AIM OF THE EXERCISE
Print, from the listing below, the lines starting at the line containing "découvrez notre vaste" and ending at the line containing "Spray Termo Modelador", exactly as they stand, and print nothing else.

SUPPLIED MATERIAL
====
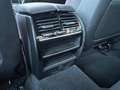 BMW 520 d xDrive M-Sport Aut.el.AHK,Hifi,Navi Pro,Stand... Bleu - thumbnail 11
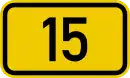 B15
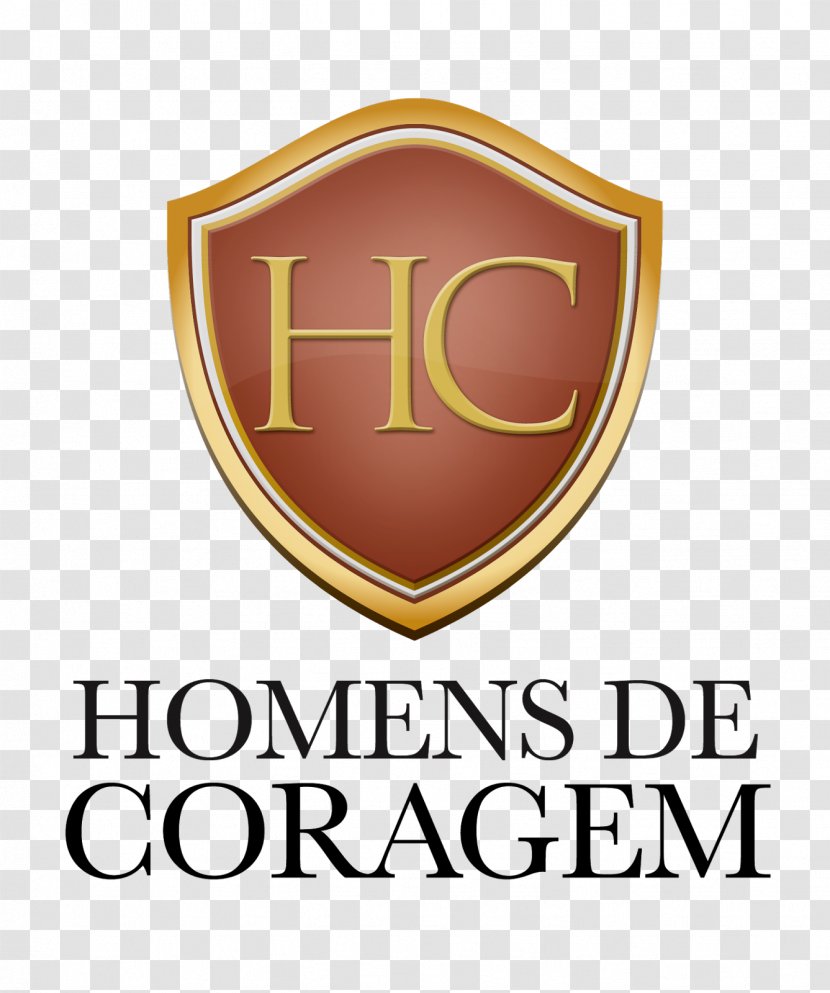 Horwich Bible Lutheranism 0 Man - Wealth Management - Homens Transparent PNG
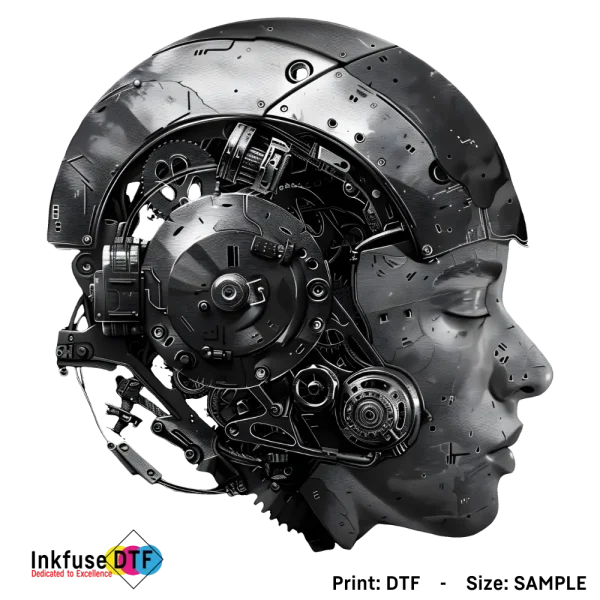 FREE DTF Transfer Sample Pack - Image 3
====
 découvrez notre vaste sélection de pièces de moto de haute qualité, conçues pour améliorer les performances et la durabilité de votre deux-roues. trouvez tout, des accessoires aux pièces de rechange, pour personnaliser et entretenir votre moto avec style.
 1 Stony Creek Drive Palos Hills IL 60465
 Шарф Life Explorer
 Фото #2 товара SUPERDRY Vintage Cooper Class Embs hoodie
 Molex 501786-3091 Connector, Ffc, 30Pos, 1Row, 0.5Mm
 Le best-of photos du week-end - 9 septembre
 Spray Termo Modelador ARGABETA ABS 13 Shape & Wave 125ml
====
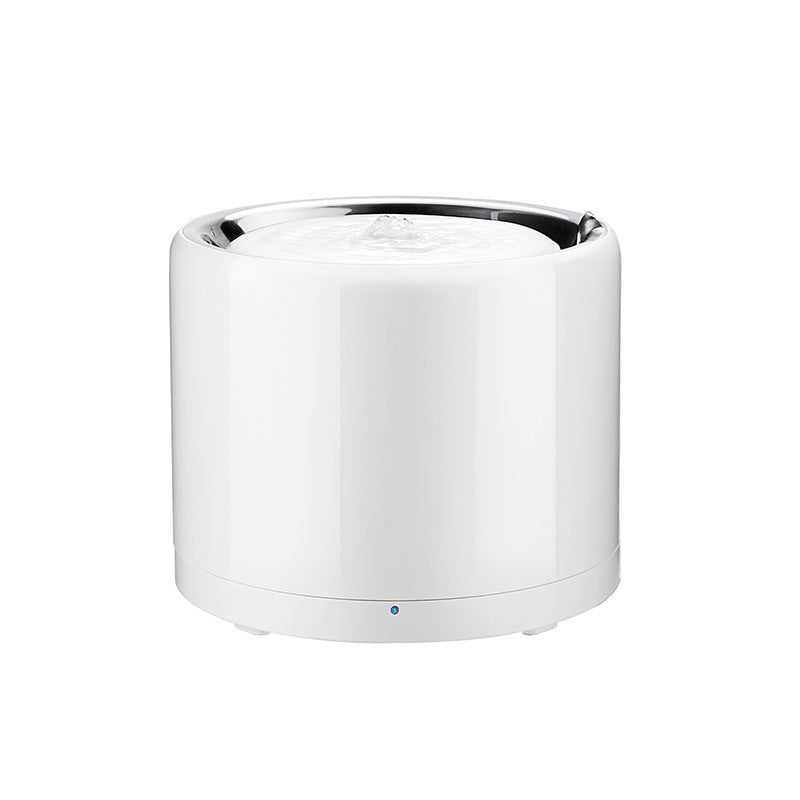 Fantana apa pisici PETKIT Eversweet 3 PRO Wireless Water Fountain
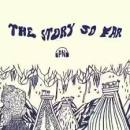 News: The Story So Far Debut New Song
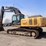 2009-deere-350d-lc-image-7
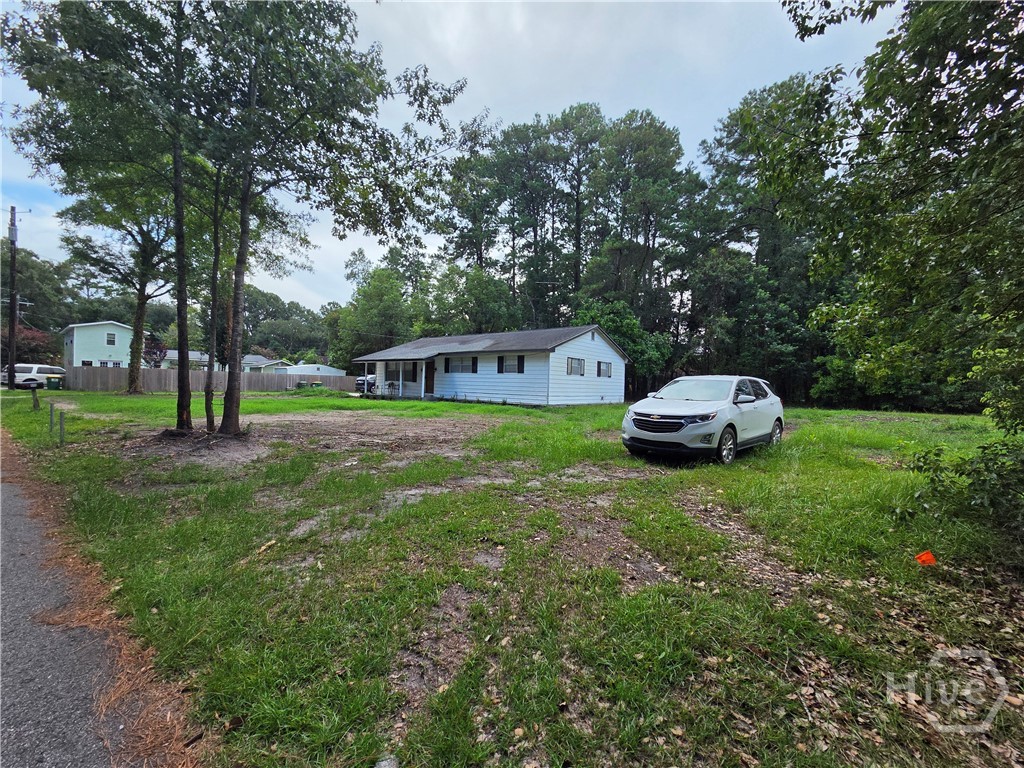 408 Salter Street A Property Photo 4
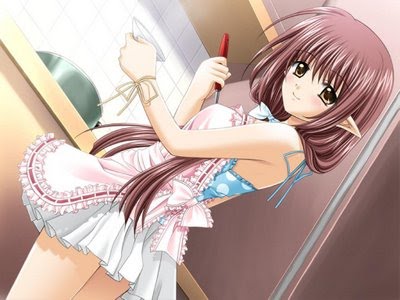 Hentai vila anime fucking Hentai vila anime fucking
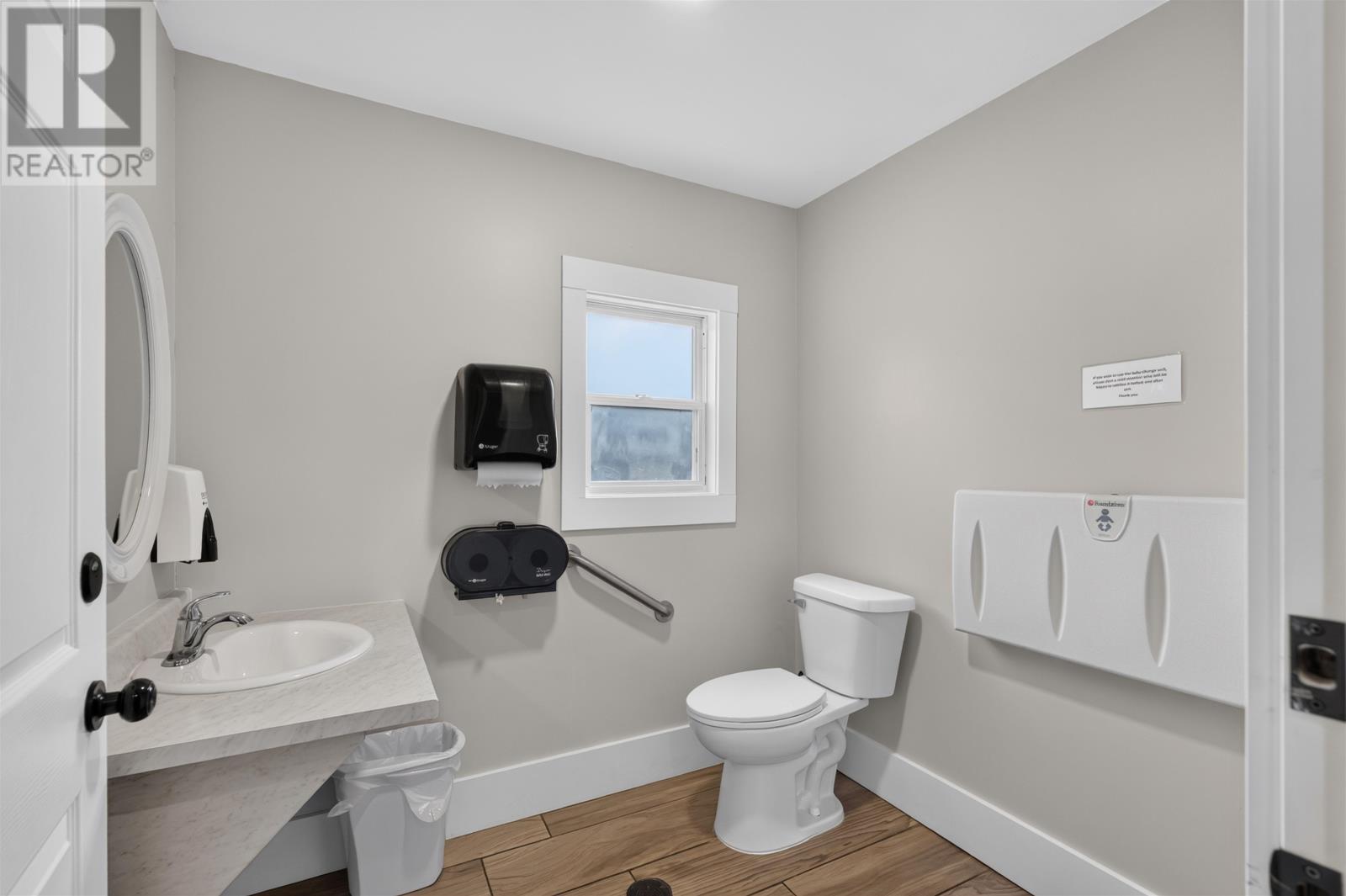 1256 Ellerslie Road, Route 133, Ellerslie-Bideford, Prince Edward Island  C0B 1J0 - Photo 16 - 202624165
====
TASK RESPONSE
 découvrez notre vaste sélection de pièces de moto de haute qualité, conçues pour améliorer les performances et la durabilité de votre deux-roues. trouvez tout, des accessoires aux pièces de rechange, pour personnaliser et entretenir votre moto avec style.
 1 Stony Creek Drive Palos Hills IL 60465
 Шарф Life Explorer
 Фото #2 товара SUPERDRY Vintage Cooper Class Embs hoodie
 Molex 501786-3091 Connector, Ffc, 30Pos, 1Row, 0.5Mm
 Le best-of photos du week-end - 9 septembre
 Spray Termo Modelador ARGABETA ABS 13 Shape & Wave 125ml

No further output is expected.